Dataset:
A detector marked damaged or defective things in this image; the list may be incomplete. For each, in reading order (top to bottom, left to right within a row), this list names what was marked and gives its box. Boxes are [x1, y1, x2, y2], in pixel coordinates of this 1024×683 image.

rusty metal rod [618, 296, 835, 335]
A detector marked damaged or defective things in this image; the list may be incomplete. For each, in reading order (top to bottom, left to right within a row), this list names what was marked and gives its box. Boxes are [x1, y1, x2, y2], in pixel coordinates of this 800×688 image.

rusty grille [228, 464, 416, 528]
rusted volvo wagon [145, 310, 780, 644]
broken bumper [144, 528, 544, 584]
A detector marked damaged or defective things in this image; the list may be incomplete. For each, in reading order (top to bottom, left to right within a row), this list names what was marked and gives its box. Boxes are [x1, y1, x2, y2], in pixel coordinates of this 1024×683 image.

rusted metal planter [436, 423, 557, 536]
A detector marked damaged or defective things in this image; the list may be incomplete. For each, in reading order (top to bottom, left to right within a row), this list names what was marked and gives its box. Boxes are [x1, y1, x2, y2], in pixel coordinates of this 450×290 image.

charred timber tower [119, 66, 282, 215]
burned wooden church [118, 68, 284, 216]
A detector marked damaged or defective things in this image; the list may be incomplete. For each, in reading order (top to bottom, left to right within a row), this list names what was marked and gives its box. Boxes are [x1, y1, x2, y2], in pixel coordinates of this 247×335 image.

What to work on: Give back the data above exactly as it appears.

Exercise output:
A detector marked damaged or defective things in this image; the list may be incomplete. For each, in reading order (top to bottom, left to right within a row), this list names what was marked and gives its box. Boxes are [x1, y1, x2, y2], in pixel coordinates of this 1024×683 image.

rusty metal rod [618, 296, 835, 335]
A detector marked damaged or defective things in this image; the list may be incomplete. For each, in reading order (top to bottom, left to right within a row), this list names what was marked and gives its box. Boxes are [x1, y1, x2, y2], in pixel coordinates of this 800×688 image.

rusty grille [228, 464, 416, 528]
rusted volvo wagon [145, 310, 780, 644]
broken bumper [144, 528, 544, 584]
A detector marked damaged or defective things in this image; the list may be incomplete. For each, in reading order (top to bottom, left to right within a row), this list names what was marked and gives its box. Boxes are [x1, y1, x2, y2], in pixel coordinates of this 1024×683 image.

rusted metal planter [436, 423, 557, 536]
A detector marked damaged or defective things in this image; the list may be incomplete. For each, in reading order (top to bottom, left to right within a row), this list names what was marked and gives its box. Boxes are [x1, y1, x2, y2], in pixel coordinates of this 450×290 image.

charred timber tower [119, 66, 282, 215]
burned wooden church [118, 68, 284, 216]
A detector marked damaged or defective things in this image; the list may be incomplete. For each, in reading order (top to bottom, left to right within a row), this list names what was marked and gives its box. Boxes are [x1, y1, x2, y2], in pixel coordinates of this 247×335 image.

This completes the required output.